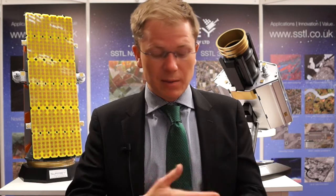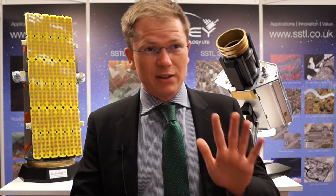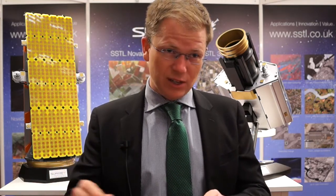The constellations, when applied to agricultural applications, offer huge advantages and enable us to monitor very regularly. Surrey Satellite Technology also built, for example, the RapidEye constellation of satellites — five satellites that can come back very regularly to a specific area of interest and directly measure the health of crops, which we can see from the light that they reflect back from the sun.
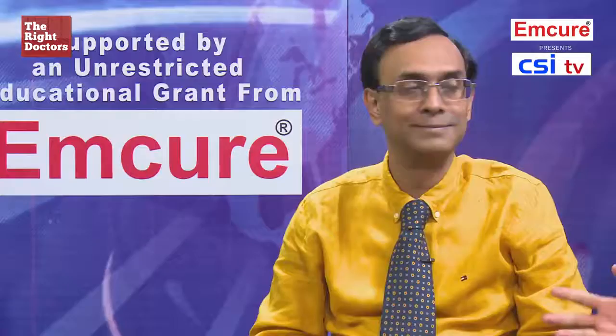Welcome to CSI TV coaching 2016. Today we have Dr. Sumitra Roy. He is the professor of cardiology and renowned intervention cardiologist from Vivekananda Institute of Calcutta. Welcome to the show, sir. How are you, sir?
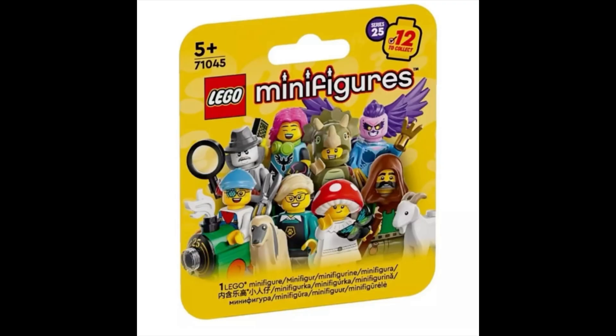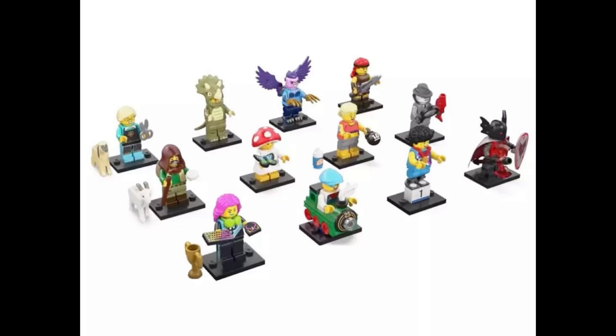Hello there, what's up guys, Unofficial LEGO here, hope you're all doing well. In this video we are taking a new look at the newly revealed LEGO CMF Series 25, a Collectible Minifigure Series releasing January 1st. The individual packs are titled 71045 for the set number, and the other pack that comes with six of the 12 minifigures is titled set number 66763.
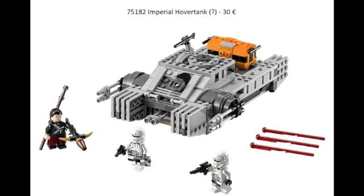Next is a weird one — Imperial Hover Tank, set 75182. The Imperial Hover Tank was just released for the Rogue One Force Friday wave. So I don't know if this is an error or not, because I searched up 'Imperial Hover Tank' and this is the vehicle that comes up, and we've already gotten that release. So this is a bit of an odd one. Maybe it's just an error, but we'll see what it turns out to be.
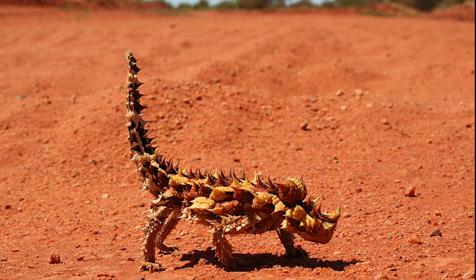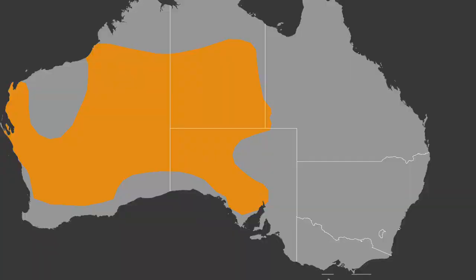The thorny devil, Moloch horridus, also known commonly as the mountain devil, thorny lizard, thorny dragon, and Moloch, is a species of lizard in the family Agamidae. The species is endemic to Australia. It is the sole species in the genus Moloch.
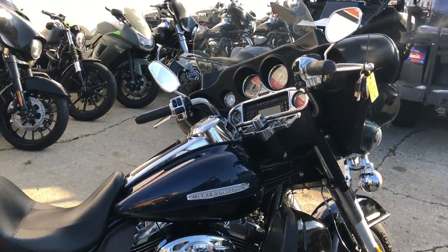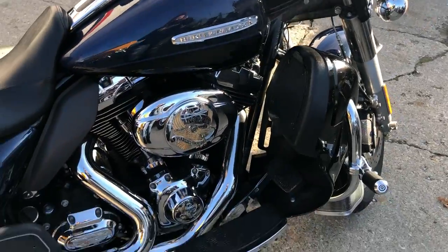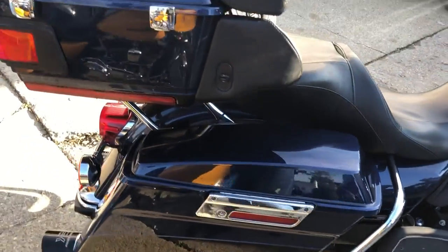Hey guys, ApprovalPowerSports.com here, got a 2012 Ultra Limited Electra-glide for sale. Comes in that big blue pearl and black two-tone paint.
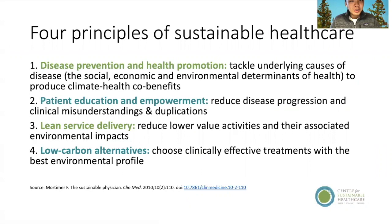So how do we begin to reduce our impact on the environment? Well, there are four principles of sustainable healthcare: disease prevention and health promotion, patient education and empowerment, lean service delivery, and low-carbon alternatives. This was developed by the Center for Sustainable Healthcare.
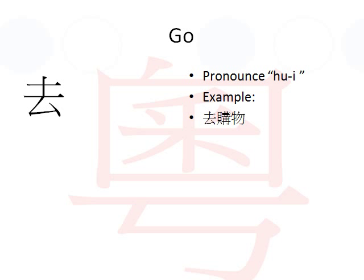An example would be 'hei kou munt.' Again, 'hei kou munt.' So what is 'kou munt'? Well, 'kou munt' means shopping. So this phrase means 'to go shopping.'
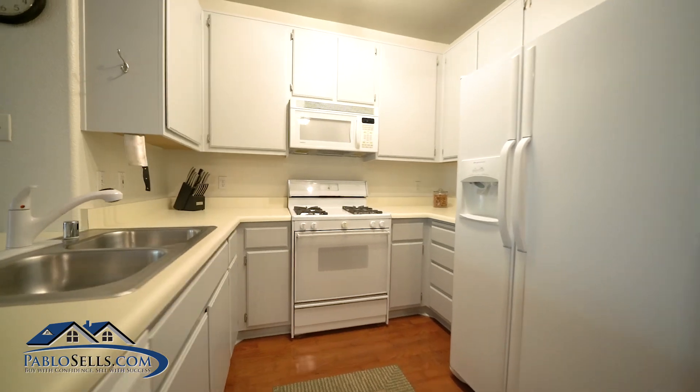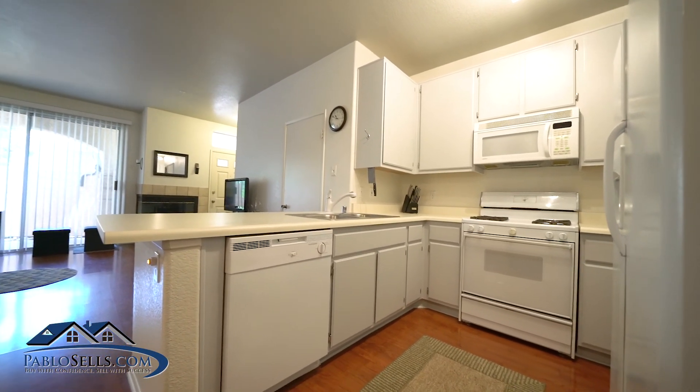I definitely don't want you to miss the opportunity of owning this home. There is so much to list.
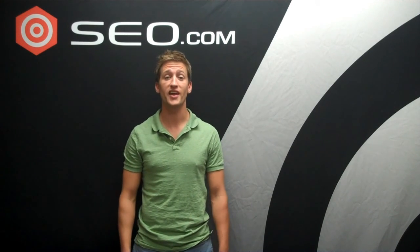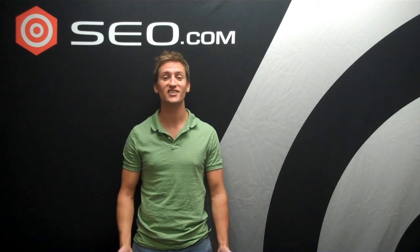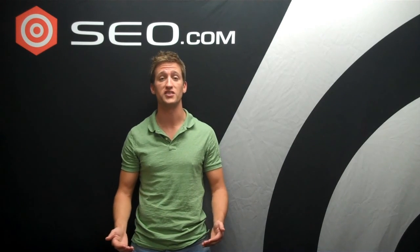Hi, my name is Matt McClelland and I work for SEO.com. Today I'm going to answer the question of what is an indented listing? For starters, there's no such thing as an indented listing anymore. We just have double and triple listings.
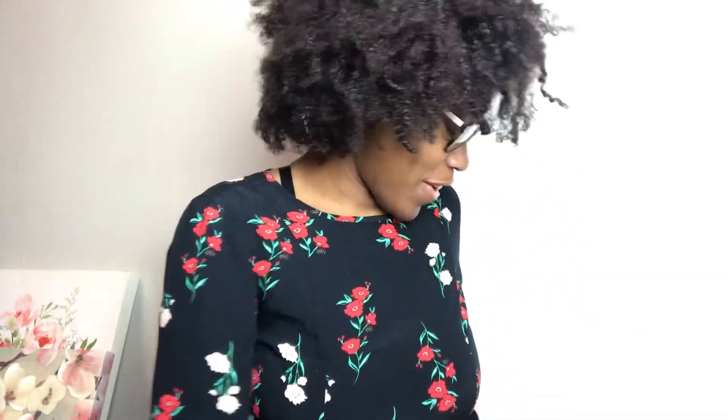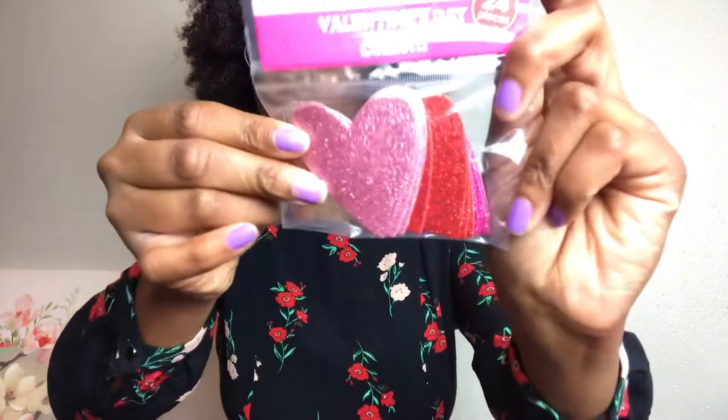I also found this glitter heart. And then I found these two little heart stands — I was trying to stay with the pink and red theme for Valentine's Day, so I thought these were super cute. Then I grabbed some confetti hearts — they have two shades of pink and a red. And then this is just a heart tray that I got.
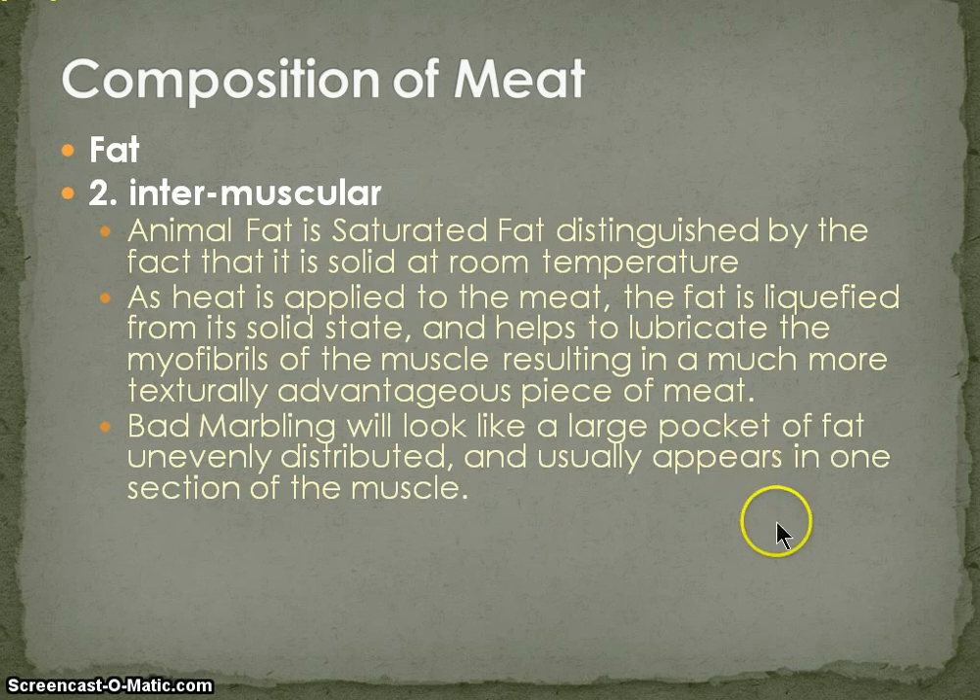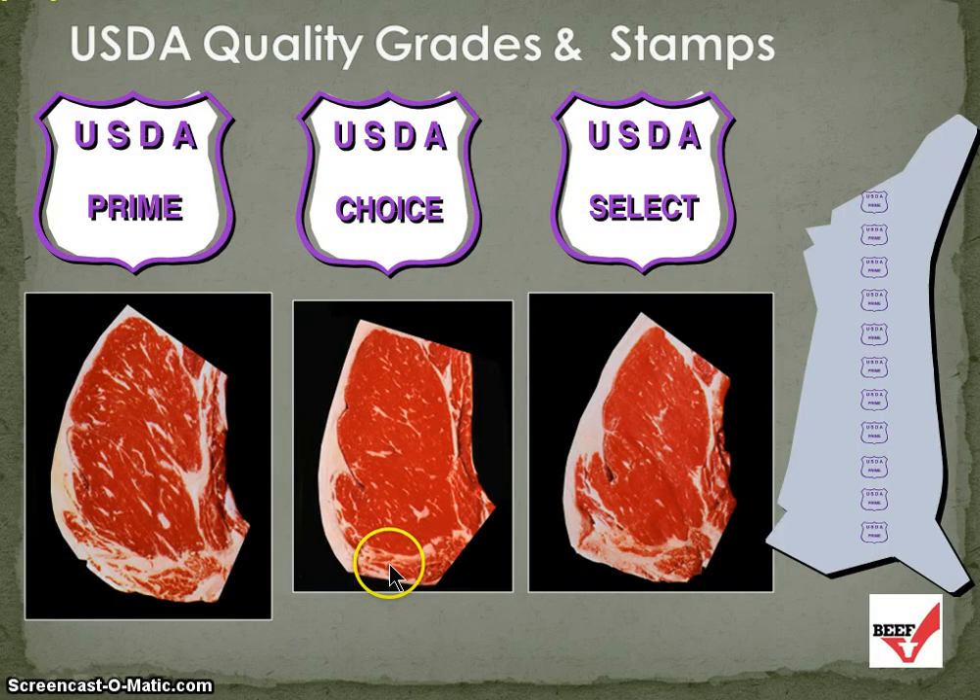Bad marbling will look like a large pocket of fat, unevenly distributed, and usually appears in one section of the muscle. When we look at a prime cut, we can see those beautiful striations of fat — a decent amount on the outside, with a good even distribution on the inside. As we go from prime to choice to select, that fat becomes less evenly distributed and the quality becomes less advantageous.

★ ★ ★ ★ ★ ★ ★

*Task to carry out:* In the listing above, find the line with "The thorny devil, Moloch" and the line with "An example would". Transcribe those two and everything between, exactly, leaving out pictures.

*Solution to this problem:*
The thorny devil, Moloch horridus, also known commonly as the mountain devil, thorny lizard, thorny dragon, and Moloch, is a species of lizard in the family Agamidae. The species is endemic to Australia. It is the sole species in the genus Moloch.
Hey guys, ApprovalPowerSports.com here, got a 2012 Ultra Limited Electra-glide for sale. Comes in that big blue pearl and black two-tone paint.
So how do we begin to reduce our impact on the environment? Well, there are four principles of sustainable healthcare: disease prevention and health promotion, patient education and empowerment, lean service delivery, and low-carbon alternatives. This was developed by the Center for Sustainable Healthcare.
An example would be 'hei kou munt.' Again, 'hei kou munt.' So what is 'kou munt'? Well, 'kou munt' means shopping. So this phrase means 'to go shopping.'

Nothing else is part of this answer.